Required action —
Write out again, exactly, the lines below starting at the one with "ZFBCFADH7EZ020821 - 2014" and ending at the one with "Thumb's up with smiley face".

━━━━━━━━━━━━━━━━━━━━

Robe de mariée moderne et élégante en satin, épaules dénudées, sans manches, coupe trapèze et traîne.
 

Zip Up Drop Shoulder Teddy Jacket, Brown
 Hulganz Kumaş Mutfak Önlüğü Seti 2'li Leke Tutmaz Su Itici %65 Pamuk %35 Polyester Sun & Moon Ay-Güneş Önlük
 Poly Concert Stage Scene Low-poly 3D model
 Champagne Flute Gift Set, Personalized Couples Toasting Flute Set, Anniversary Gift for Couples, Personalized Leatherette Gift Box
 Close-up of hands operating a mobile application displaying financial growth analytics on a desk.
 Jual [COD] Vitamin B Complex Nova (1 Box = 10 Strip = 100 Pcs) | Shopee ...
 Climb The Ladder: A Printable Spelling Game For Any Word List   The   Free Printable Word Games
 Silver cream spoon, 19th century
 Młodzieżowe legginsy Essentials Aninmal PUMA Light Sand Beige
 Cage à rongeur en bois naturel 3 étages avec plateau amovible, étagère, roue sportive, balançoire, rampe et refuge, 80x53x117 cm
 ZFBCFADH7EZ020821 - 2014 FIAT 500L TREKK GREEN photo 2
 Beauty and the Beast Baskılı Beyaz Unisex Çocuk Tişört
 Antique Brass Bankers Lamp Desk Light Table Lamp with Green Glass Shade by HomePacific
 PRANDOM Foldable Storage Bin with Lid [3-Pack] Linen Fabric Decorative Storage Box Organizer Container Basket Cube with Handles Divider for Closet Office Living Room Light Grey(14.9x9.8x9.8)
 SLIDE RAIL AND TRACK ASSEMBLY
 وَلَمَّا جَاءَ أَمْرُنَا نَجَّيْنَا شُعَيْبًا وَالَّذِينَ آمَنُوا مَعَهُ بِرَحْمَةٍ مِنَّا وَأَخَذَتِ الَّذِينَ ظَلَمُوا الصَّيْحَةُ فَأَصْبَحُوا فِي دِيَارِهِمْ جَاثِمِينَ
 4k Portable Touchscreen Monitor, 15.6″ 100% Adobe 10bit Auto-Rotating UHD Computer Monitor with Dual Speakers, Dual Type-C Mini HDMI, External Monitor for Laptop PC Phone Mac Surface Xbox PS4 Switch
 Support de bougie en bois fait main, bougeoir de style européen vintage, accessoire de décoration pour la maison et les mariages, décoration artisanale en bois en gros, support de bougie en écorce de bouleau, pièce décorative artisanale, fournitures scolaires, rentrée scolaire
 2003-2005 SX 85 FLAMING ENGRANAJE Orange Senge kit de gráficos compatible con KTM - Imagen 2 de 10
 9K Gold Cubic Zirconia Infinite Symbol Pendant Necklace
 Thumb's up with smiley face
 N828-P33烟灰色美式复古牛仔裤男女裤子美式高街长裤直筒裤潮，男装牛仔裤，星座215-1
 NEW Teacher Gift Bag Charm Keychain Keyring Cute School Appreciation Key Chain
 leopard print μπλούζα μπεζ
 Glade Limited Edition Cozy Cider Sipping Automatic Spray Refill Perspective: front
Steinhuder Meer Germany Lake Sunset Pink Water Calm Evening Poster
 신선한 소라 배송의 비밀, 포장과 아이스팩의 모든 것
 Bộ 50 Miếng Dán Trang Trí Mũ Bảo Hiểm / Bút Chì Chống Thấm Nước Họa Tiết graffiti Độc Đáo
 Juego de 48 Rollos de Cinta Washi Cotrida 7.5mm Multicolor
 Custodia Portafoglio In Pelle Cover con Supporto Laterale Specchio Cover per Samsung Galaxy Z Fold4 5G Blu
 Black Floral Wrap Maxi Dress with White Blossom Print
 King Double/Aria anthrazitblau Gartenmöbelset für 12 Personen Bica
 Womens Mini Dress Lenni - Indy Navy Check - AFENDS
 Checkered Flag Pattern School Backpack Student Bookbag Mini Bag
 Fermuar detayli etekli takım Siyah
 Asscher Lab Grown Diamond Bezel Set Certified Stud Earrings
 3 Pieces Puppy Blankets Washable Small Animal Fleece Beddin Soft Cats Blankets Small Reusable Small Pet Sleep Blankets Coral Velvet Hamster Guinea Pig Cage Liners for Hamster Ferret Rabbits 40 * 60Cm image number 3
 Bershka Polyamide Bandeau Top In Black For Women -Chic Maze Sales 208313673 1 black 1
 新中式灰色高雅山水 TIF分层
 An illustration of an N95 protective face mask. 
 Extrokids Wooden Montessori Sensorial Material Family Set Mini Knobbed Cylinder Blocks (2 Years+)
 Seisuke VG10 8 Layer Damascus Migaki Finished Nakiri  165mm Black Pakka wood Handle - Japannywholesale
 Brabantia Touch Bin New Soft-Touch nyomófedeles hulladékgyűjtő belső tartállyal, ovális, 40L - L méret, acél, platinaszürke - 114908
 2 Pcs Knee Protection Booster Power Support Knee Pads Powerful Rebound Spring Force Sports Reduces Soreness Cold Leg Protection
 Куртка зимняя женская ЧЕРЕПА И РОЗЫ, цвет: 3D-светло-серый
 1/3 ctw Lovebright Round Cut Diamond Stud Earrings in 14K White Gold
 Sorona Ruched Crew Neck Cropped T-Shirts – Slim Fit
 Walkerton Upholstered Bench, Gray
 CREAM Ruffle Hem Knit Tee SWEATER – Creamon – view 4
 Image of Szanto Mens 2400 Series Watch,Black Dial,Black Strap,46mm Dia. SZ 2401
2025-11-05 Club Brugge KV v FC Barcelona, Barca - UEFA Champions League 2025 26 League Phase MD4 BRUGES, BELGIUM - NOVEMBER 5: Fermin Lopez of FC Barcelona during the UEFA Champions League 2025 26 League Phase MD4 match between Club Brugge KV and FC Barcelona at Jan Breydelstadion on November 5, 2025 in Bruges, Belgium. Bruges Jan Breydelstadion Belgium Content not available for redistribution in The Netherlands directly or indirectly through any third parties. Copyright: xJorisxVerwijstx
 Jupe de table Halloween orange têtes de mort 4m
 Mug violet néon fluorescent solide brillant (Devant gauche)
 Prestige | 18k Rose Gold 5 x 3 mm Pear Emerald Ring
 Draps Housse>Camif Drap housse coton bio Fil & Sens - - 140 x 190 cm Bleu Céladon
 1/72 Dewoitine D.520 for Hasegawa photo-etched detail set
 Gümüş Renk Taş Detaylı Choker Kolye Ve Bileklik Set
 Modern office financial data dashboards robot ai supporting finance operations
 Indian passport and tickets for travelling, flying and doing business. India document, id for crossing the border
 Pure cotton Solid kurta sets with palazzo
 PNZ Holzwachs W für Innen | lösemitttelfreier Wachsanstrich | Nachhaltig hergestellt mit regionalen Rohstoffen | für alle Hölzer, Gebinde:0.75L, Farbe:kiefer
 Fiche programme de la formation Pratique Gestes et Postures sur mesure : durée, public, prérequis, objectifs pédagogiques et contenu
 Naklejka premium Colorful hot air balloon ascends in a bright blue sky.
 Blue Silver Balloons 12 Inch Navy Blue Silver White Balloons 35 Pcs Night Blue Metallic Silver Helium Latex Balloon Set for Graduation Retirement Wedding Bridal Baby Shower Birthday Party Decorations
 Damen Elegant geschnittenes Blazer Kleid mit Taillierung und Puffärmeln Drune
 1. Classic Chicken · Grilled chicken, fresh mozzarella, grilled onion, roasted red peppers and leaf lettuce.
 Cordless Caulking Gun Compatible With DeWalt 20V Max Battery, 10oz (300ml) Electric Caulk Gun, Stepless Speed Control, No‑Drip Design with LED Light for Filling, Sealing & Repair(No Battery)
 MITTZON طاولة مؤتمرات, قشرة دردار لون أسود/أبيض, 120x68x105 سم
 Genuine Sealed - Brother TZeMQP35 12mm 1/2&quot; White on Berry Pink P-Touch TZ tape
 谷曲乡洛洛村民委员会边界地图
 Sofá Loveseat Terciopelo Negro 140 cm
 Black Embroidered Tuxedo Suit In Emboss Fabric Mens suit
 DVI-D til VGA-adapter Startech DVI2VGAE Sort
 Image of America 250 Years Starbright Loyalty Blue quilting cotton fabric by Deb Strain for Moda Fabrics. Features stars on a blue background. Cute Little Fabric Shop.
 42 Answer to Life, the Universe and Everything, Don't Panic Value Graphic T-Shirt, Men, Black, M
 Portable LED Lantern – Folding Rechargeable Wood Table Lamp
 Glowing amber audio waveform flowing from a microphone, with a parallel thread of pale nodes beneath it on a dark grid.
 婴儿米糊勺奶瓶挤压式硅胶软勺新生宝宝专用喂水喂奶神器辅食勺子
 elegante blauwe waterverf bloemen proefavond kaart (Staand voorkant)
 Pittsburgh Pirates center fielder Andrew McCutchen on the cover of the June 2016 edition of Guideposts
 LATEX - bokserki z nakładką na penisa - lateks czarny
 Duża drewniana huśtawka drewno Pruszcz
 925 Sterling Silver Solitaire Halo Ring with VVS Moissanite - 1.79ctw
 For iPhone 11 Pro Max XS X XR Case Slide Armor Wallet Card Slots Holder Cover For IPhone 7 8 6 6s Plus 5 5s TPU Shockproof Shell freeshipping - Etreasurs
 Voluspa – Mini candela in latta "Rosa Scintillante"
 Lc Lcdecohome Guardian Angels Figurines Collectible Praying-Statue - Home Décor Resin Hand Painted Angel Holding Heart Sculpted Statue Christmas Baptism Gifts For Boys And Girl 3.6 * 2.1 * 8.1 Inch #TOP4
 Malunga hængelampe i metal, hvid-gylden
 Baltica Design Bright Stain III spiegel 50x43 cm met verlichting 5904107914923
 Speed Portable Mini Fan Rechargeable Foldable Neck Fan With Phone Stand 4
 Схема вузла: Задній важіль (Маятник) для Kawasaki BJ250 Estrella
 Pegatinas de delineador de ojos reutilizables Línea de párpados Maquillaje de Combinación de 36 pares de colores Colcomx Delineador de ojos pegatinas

━━━━━━━━━━━━━━━━━━━━

Task result —
 ZFBCFADH7EZ020821 - 2014 FIAT 500L TREKK GREEN photo 2
 Beauty and the Beast Baskılı Beyaz Unisex Çocuk Tişört
 Antique Brass Bankers Lamp Desk Light Table Lamp with Green Glass Shade by HomePacific
 PRANDOM Foldable Storage Bin with Lid [3-Pack] Linen Fabric Decorative Storage Box Organizer Container Basket Cube with Handles Divider for Closet Office Living Room Light Grey(14.9x9.8x9.8)
 SLIDE RAIL AND TRACK ASSEMBLY
 وَلَمَّا جَاءَ أَمْرُنَا نَجَّيْنَا شُعَيْبًا وَالَّذِينَ آمَنُوا مَعَهُ بِرَحْمَةٍ مِنَّا وَأَخَذَتِ الَّذِينَ ظَلَمُوا الصَّيْحَةُ فَأَصْبَحُوا فِي دِيَارِهِمْ جَاثِمِينَ
 4k Portable Touchscreen Monitor, 15.6″ 100% Adobe 10bit Auto-Rotating UHD Computer Monitor with Dual Speakers, Dual Type-C Mini HDMI, External Monitor for Laptop PC Phone Mac Surface Xbox PS4 Switch
 Support de bougie en bois fait main, bougeoir de style européen vintage, accessoire de décoration pour la maison et les mariages, décoration artisanale en bois en gros, support de bougie en écorce de bouleau, pièce décorative artisanale, fournitures scolaires, rentrée scolaire
 2003-2005 SX 85 FLAMING ENGRANAJE Orange Senge kit de gráficos compatible con KTM - Imagen 2 de 10
 9K Gold Cubic Zirconia Infinite Symbol Pendant Necklace
 Thumb's up with smiley face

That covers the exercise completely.